WHAT IS EXPECTED: Exact copies of the lines below, from the one with "Photo of aircraft" up to and including the one with "Kia Sportage Generation", are what this calls for; leave out pictures.

THE RECORDS:
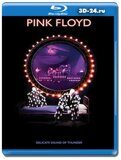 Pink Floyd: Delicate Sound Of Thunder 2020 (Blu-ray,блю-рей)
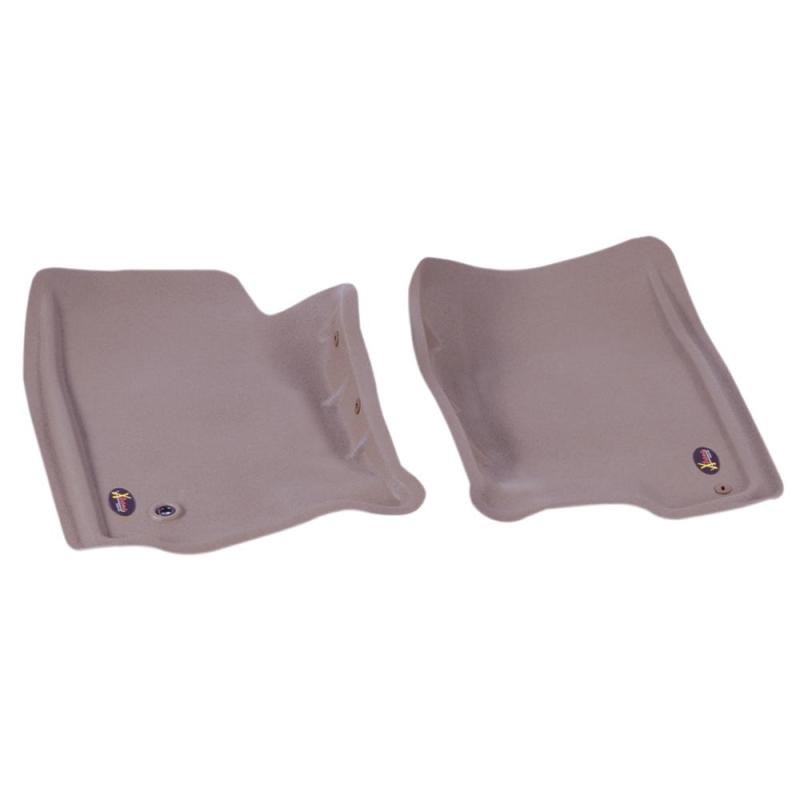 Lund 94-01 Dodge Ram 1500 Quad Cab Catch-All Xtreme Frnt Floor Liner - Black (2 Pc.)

* * *

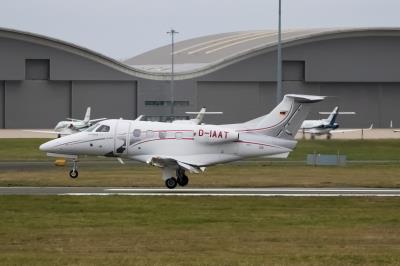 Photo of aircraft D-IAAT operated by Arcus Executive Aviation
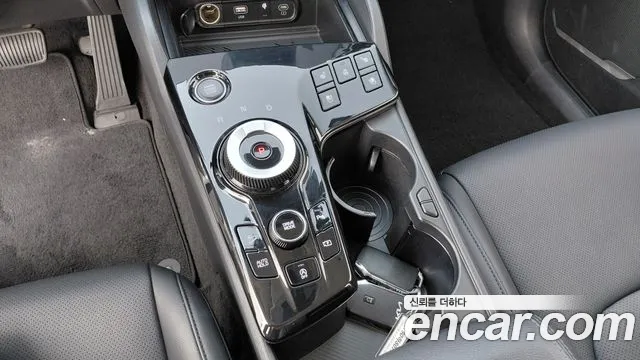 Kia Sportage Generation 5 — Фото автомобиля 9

* * *

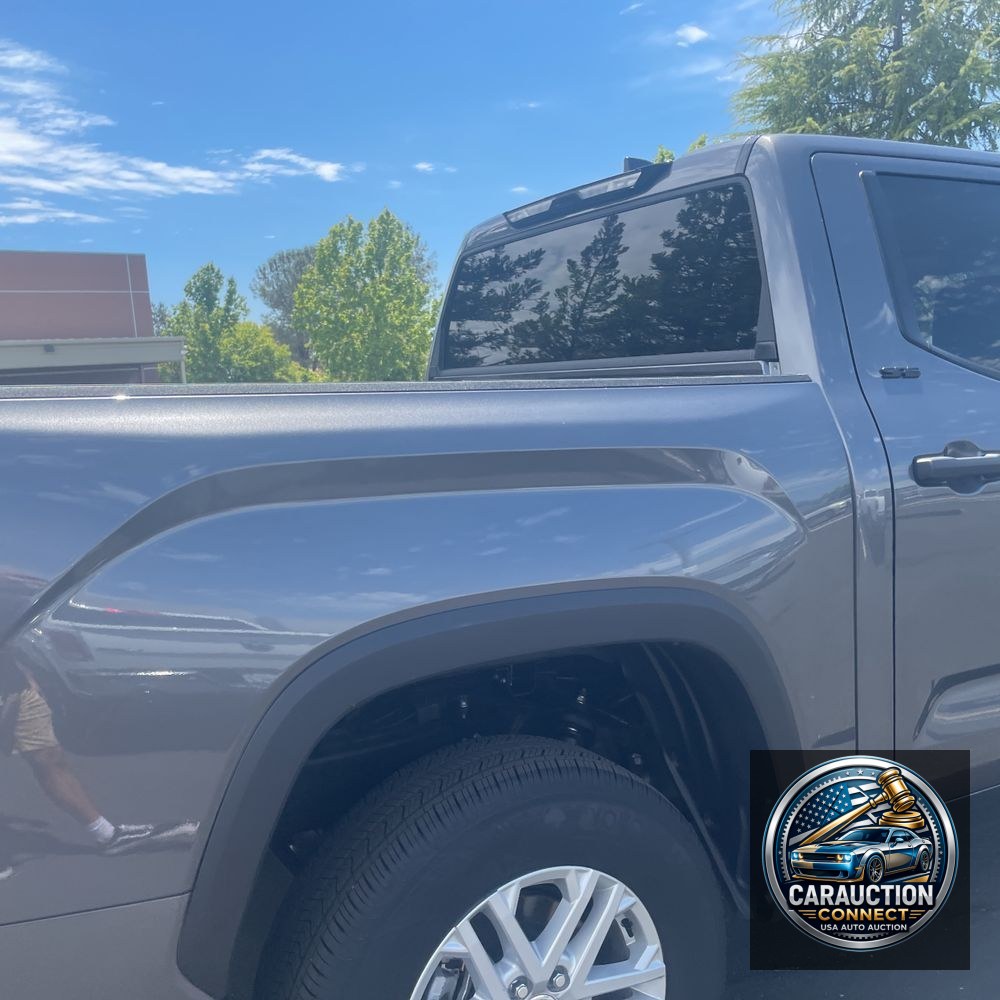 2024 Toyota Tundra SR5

ANSWER SECTION:
 Photo of aircraft D-IAAT operated by Arcus Executive Aviation
 Kia Sportage Generation 5 — Фото автомобиля 9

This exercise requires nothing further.